Pete thought a moment. “I could give you a few names. His old pals. I’m not sure what makes you think it’s all related, though.”

Hauck tossed a couple of bills on the counter. “That would be a big help.”

“Thirty years…” Pete got up and drained the last of his beer. “Pop was like a god down there in the harbor. There was nothing went on he didn’t know about or hadn’t done. Now look at him. He was always a hard man, but I would never call him bitter. He took it rough, what happened to my brother. Rougher than I would expect. Given that they never saw eye to eye for a goddamned second while AJ was alive.”

THE FOLLOWING DAY Hauck made the rounds at the docks. A couple of large freighters had come in early that morning. Huge unloading trestles and hydraulic lifts were hissing, off-loading massive containers.

He found Mack Tyler, a sunburned, broad-chested tug’s mate at the pilots’ station.
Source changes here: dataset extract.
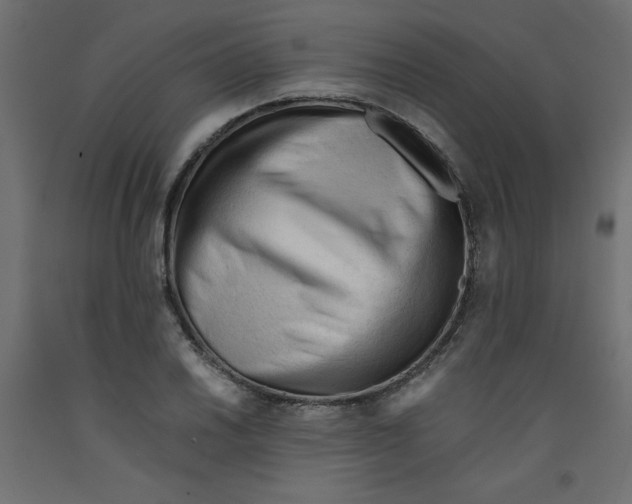X0000092311030200710121454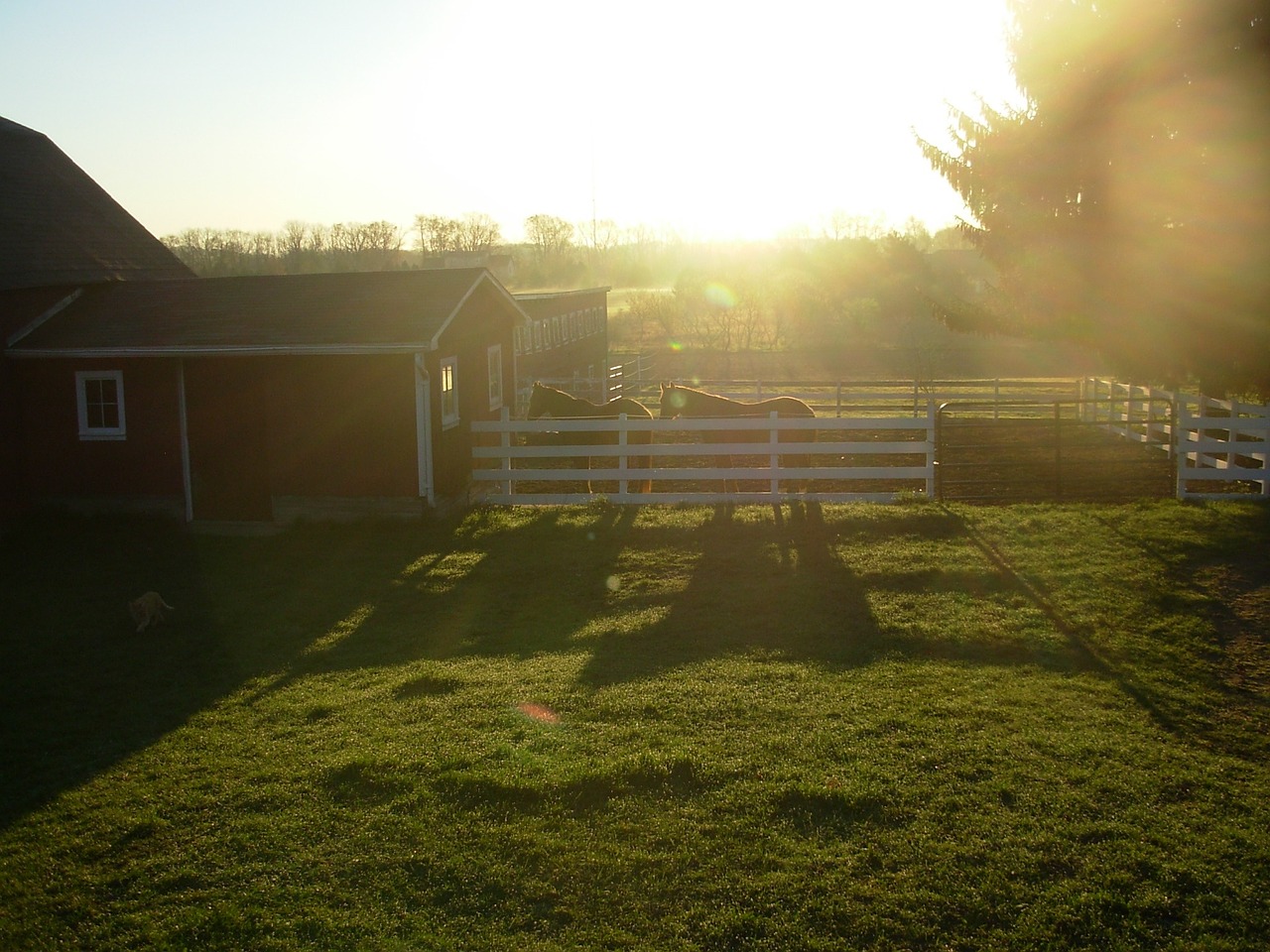 horse farm barn free photo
He had just come in from a launch.

Tyler was a bit guarded at first. People protected their own down there, and here was this cop from up north asking all kinds of questions. It took a little finesse for Hauck to get him to open up.

“I remember I was out with him one day,” Tyler said. He leaned against a retaining wall and lit up a cigarette. “He was about to board some oil tanker we were bringing in. Pappy was always going on about these ships he’d seen before, making false declarations. How they were riding so high in the water, no way they could possibly be full, like their papers said. I think he even snuck down into the holds of one once.

“Anyway”- Tyler blew out smoke-“this one time we had pulled up alongside and the gangway was lowered to us, and Pappy was getting ready to go aboard. And he gets this cell-phone call. Five in the fucking A.M. He takes it, and all of a sudden his legs just give out and his face gets all pale and pasty-it was like he was having some kind of heart attack. We called in another launch. I had to bring the old man in. He wouldn’t take any medical attention. Just a panic attack, he claimed. Why, he wouldn’t say. Panic attack, my ass.”

“You remember when that was?” asked Hauck.

“Sure, I remember.” The big sailor exhaled another plume of smoke. “It wasn’t too long after the death of his boy up there.”

Later, Hauck met with Ray Dubose, one of the other harbor pilots, at a coffee stand near the navy yard.

“It was getting crazy,” said Dubose, a big man with curly gray hair, scratching the bald spot on his head. “Pappy was going around making all kinds of claims that some oil company was falsifying its cargo. About how these ships were riding so high in the water. How he’d seen them before. The same company. Same logo-some kind of a whale or shark, maybe. Can’t recall.”

“What happened then?”

“The harbormaster told him to back off.” Dubose took a sip of coffee. “That’s what happened! That this was one for customs, not us. ‘We just pull ’em in, Pappy.’ He’d pass it along. But Pappy, God bless, he just kept on pushing. Raised a big stink with the customs people. Tried to contact some business reporter he knew from the bar, like it was some big national-security story he was uncovering and Pappy was Bruce Willis or someone.”